Task description: Return the lines of the data below in which the string "Rose" occurs.

Supplied data START

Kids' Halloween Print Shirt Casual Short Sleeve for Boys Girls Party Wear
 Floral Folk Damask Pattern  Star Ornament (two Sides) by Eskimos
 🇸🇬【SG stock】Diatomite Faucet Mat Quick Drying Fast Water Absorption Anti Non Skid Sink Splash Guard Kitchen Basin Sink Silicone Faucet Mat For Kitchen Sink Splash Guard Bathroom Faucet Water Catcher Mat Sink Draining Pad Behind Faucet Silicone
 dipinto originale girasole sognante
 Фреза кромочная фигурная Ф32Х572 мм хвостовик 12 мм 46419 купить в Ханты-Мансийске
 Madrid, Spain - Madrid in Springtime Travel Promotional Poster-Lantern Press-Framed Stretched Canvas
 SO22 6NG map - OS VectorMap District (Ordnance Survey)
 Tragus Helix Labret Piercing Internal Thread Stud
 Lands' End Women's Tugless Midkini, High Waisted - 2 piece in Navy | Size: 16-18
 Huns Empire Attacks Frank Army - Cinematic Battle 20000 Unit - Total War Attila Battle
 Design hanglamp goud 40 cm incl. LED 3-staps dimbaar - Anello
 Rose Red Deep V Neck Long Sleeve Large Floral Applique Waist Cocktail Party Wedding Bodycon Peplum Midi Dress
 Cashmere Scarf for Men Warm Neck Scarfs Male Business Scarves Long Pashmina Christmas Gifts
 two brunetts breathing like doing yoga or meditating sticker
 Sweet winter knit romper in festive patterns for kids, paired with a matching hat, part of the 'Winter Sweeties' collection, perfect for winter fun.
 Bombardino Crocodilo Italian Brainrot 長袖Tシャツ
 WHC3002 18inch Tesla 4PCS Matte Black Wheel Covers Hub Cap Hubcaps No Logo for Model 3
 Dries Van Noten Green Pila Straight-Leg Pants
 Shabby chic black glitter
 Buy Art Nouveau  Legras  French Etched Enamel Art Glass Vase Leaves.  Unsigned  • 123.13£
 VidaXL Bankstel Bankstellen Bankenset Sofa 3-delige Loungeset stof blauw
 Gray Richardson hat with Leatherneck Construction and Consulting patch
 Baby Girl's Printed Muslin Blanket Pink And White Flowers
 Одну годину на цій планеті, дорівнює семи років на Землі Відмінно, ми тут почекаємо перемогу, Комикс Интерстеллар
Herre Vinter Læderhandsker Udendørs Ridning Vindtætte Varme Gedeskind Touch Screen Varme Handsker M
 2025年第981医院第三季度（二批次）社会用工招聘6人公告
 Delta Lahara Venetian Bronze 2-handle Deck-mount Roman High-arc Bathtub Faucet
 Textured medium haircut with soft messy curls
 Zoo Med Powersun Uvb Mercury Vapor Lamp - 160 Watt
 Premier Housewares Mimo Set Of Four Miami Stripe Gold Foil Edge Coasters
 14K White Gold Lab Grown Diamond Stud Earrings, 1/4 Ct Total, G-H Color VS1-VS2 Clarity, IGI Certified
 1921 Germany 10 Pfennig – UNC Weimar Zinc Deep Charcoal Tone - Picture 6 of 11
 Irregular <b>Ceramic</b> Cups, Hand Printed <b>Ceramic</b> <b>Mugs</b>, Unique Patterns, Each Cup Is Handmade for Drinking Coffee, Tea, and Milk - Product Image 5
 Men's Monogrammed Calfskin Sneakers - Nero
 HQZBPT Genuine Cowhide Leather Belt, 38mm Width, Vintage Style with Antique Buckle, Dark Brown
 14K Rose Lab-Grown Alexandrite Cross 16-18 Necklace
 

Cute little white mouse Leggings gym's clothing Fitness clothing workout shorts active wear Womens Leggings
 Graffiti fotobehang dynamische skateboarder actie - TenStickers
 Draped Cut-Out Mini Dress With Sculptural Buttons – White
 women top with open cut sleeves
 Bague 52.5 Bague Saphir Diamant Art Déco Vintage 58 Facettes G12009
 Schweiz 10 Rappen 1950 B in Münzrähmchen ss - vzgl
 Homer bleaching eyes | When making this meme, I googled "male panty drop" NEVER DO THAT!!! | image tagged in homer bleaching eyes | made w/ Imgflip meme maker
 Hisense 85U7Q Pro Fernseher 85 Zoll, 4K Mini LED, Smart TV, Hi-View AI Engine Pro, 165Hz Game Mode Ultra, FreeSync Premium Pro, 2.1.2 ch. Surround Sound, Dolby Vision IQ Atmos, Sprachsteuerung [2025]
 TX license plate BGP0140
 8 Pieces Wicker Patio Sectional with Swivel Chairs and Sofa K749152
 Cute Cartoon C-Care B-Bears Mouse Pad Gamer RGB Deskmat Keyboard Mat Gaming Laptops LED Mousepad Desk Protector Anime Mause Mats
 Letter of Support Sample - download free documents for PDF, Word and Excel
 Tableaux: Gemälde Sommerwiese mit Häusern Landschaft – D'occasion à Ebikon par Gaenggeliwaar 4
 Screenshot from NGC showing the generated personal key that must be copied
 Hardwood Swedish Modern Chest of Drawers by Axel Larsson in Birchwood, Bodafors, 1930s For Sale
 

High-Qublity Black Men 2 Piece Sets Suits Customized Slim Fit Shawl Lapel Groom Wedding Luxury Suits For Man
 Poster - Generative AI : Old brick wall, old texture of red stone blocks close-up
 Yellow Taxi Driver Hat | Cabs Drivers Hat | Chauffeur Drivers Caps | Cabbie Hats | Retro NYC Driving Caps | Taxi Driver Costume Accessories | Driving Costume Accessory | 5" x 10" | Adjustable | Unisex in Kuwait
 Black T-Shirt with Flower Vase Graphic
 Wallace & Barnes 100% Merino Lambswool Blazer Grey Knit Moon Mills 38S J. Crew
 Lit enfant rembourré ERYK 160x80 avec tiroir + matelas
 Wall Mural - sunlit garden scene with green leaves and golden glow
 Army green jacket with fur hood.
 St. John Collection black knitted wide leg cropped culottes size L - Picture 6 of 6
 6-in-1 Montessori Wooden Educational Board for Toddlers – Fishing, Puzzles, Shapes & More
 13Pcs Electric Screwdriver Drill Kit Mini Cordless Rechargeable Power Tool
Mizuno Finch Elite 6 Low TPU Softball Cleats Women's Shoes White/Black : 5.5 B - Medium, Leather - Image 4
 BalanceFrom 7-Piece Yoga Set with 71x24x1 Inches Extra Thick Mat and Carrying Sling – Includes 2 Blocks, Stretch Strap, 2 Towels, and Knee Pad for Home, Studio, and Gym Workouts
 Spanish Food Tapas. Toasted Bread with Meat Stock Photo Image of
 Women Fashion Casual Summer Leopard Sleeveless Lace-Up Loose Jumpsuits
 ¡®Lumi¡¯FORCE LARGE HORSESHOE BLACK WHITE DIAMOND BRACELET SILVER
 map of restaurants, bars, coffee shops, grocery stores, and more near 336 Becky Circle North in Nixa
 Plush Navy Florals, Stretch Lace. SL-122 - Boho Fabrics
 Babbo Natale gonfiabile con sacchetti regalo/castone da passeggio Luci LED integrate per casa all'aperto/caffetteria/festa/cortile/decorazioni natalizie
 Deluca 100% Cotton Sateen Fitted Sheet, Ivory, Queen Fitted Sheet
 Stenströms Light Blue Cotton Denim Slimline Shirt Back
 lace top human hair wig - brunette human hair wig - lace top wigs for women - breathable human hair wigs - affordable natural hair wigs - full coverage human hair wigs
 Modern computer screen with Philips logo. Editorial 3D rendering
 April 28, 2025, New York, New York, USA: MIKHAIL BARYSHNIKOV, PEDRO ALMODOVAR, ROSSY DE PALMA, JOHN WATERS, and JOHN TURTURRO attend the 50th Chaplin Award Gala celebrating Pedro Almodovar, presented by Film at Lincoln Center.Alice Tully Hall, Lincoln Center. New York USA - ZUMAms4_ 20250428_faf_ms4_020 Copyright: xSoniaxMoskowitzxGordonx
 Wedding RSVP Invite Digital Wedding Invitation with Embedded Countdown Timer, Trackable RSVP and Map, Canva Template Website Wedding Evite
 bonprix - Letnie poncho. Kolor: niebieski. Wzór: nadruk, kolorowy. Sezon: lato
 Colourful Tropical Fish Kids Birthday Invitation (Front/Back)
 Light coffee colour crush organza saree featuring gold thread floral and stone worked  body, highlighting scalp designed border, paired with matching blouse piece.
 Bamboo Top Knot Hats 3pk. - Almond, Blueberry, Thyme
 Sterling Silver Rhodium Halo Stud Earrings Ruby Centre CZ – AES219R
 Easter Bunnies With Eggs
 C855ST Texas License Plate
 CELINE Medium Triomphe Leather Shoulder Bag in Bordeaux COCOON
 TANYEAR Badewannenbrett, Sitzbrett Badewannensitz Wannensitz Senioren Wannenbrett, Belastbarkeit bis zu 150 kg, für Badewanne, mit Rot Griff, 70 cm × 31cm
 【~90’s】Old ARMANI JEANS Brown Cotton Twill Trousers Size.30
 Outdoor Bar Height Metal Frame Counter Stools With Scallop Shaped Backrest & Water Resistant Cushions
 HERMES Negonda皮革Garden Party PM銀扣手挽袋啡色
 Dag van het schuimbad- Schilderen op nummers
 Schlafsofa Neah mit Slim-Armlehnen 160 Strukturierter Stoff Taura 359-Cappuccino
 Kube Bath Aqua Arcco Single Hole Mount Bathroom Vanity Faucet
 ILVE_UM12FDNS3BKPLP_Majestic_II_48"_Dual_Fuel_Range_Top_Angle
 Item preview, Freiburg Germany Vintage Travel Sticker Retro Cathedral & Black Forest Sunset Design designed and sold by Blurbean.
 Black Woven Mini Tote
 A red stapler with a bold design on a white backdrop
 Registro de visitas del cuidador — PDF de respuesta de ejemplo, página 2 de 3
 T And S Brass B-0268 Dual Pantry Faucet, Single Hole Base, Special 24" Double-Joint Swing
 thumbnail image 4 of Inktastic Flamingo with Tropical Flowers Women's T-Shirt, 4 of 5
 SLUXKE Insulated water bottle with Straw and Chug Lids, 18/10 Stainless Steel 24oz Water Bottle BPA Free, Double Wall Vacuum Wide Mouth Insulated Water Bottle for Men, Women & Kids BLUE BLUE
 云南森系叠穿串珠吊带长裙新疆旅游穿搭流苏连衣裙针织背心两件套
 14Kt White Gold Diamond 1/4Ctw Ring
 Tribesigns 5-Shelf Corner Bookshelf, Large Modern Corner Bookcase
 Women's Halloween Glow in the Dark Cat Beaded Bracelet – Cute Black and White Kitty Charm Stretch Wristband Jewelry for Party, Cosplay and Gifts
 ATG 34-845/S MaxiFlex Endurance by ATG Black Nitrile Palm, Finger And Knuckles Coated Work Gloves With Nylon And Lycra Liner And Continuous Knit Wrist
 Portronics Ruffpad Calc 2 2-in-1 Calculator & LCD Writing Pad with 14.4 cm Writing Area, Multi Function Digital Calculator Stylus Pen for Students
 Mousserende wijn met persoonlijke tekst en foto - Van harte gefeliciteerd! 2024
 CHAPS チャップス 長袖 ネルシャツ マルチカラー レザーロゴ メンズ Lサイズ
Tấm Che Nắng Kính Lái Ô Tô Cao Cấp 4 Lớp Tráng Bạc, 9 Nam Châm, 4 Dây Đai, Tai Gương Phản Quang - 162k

Supplied data END

Solution to the problem:
 Rose Red Deep V Neck Long Sleeve Large Floral Applique Waist Cocktail Party Wedding Bodycon Peplum Midi Dress
 14K Rose Lab-Grown Alexandrite Cross 16-18 Necklace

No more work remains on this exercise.